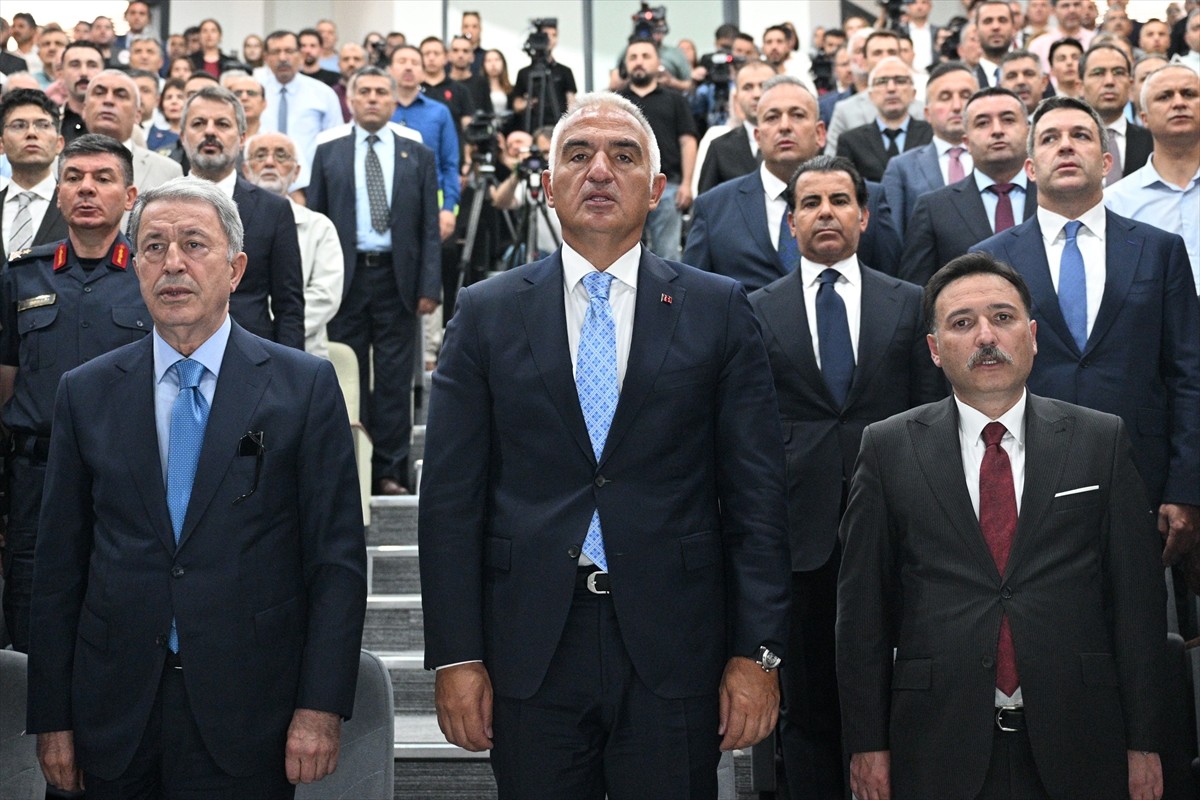 Kültür ve Turizm Bakanı Mehmet Nuri Ersoy (ortada), Kayseri'de Recep Tayyip Erdoğan Millet...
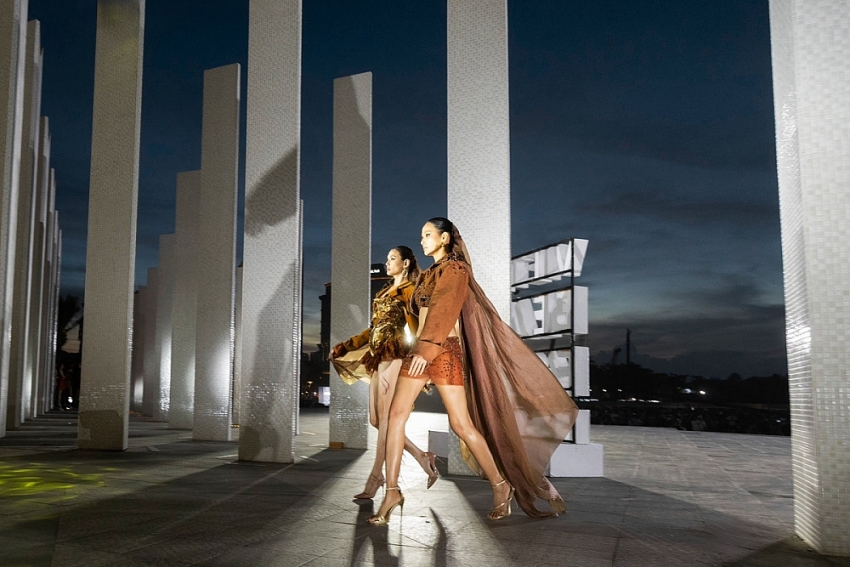 Á hậu Hoàng Thùy hết lời khen ngợi siêu mẫu Võ Hoàng Yến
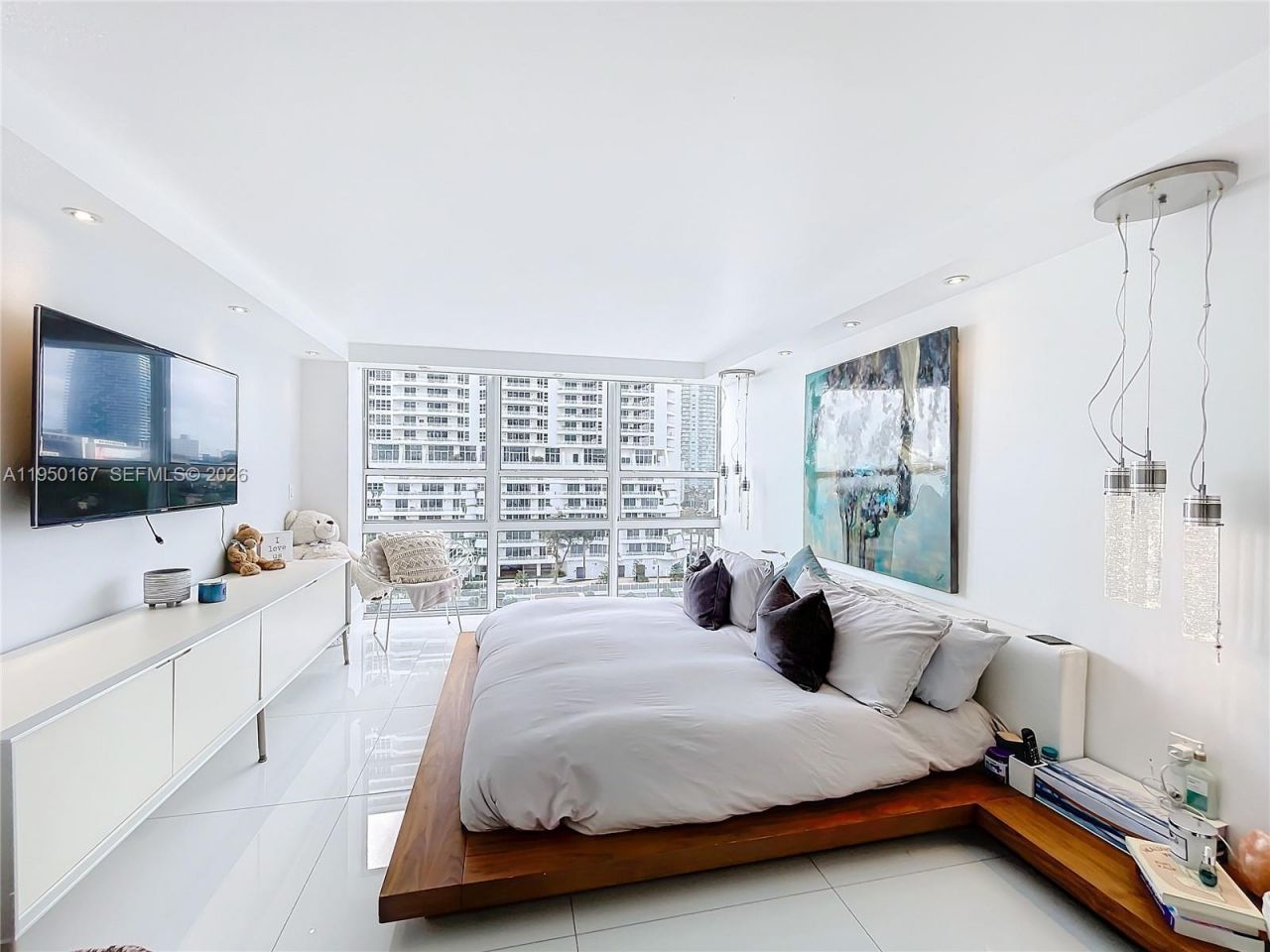 600 NE 36th St, Unit 703, Miami, FL 33137 Photo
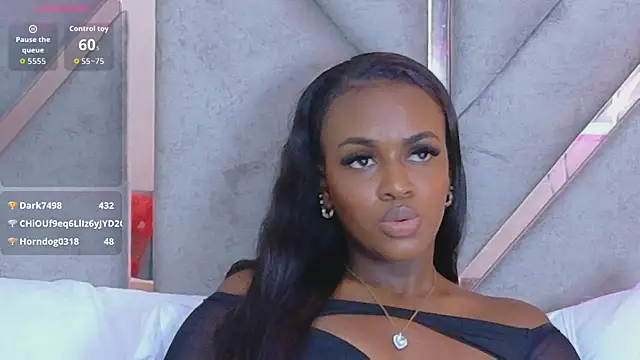 دردشة Sally-Noa الجنسية المباشرة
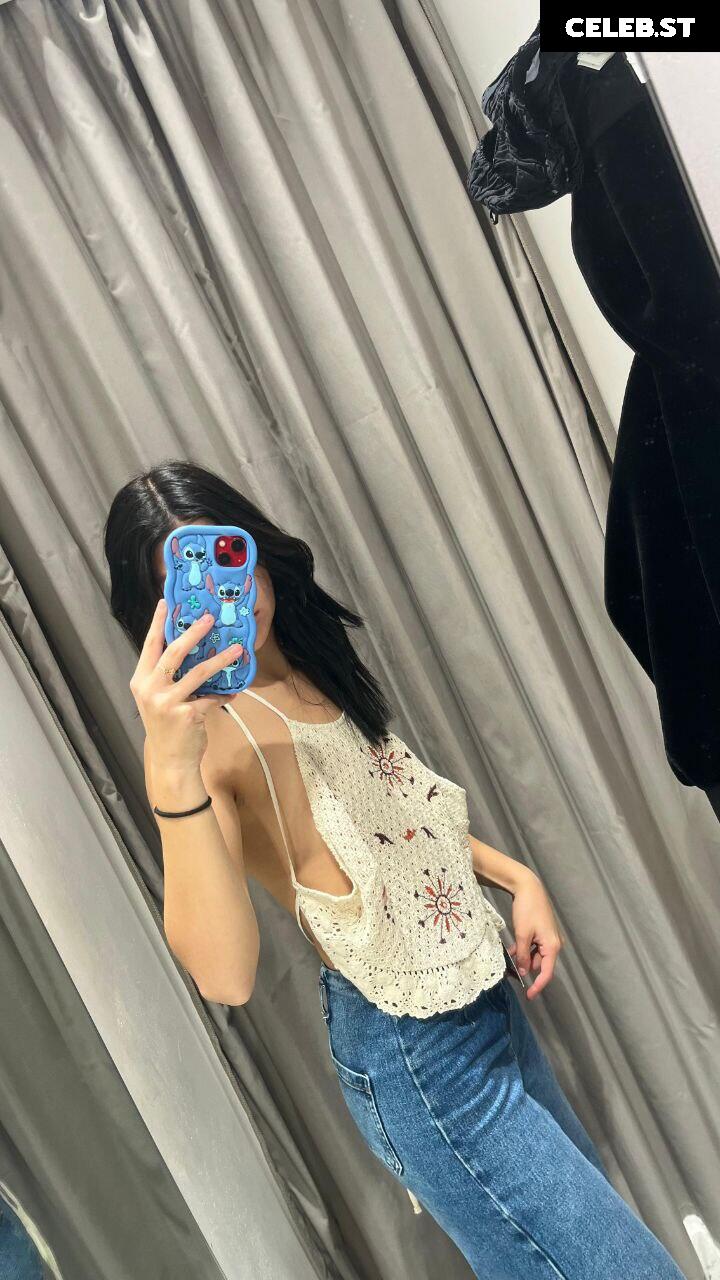 Valentina Solis Santoyo | Cervantes Solis | perladorada1717 | Hungry-Dealer-9772 Image 20327887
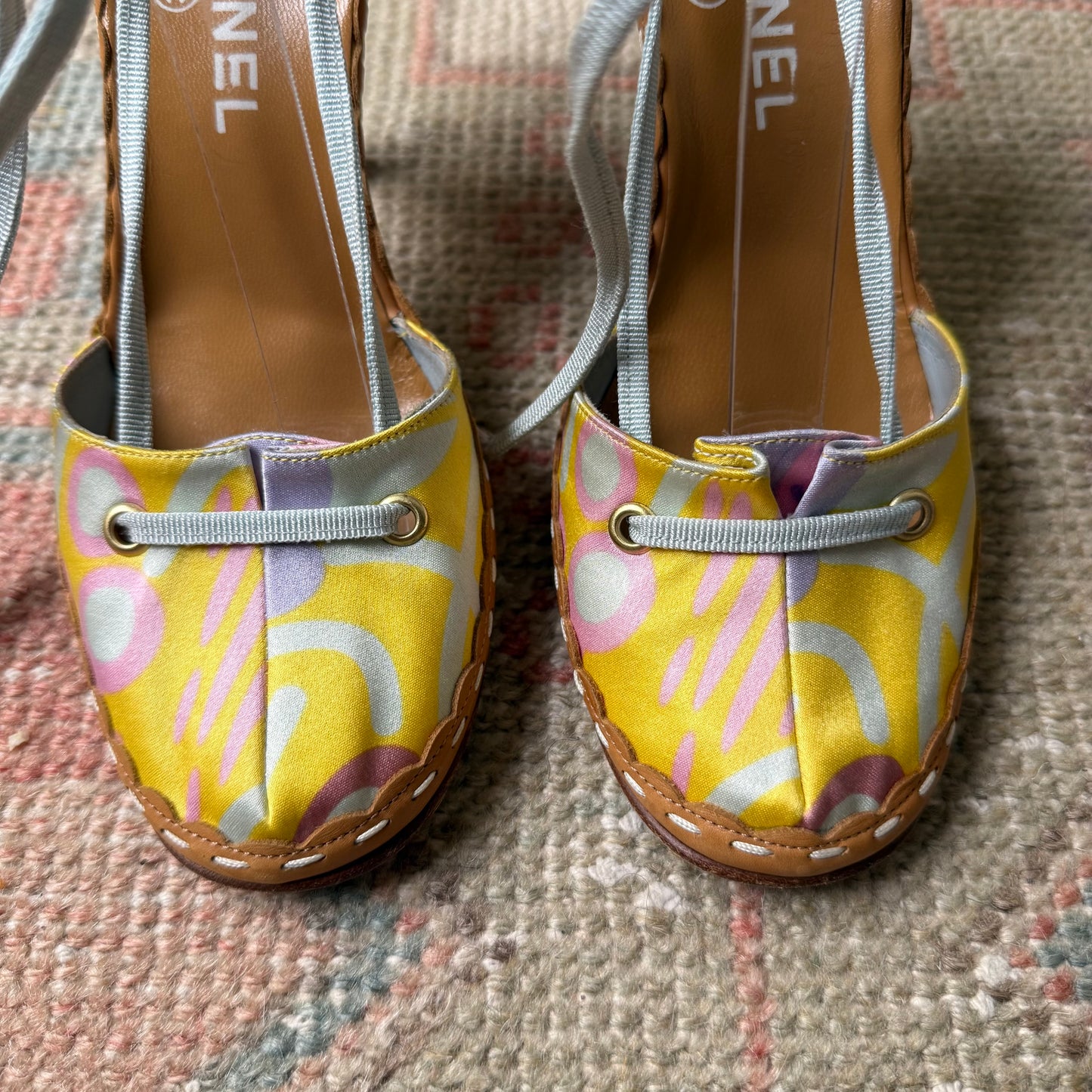 S/S2003 Chanel Silk Wrap Ballet Heels - US 7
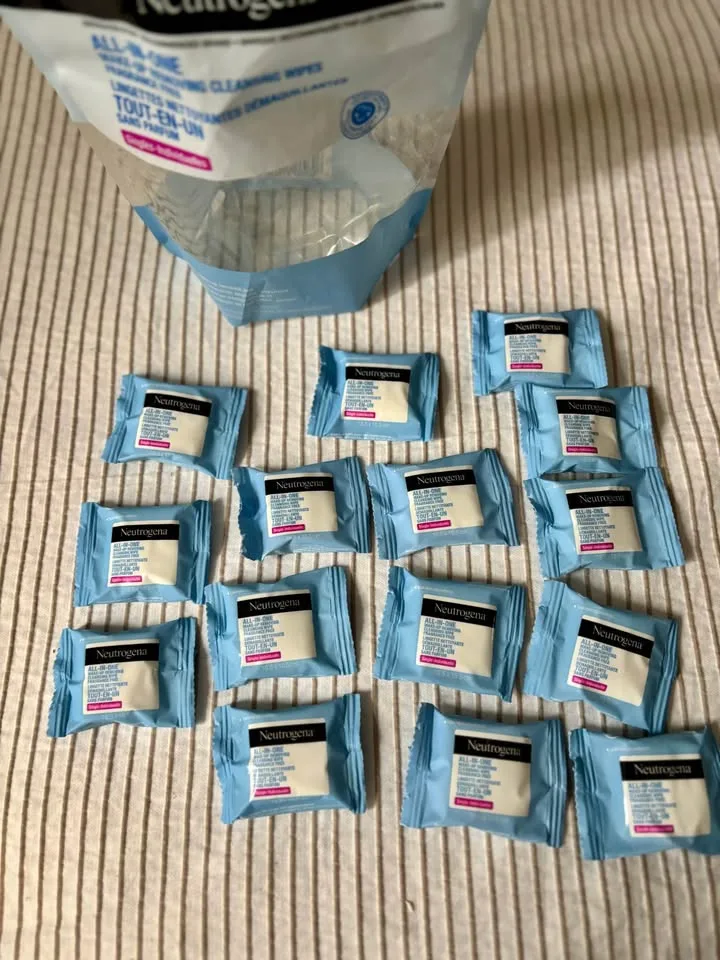 Neutrogena All-in-one Makeup Removing Cleansing Wipes - 15 image indicator(3)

Problem:
Set down the entire material verbatim, with each picture left out.

Expected output:
 Kültür ve Turizm Bakanı Mehmet Nuri Ersoy (ortada), Kayseri'de Recep Tayyip Erdoğan Millet...
 Á hậu Hoàng Thùy hết lời khen ngợi siêu mẫu Võ Hoàng Yến
 600 NE 36th St, Unit 703, Miami, FL 33137 Photo
 دردشة Sally-Noa الجنسية المباشرة
 Valentina Solis Santoyo | Cervantes Solis | perladorada1717 | Hungry-Dealer-9772 Image 20327887
 S/S2003 Chanel Silk Wrap Ballet Heels - US 7
 Neutrogena All-in-one Makeup Removing Cleansing Wipes - 15 image indicator(3)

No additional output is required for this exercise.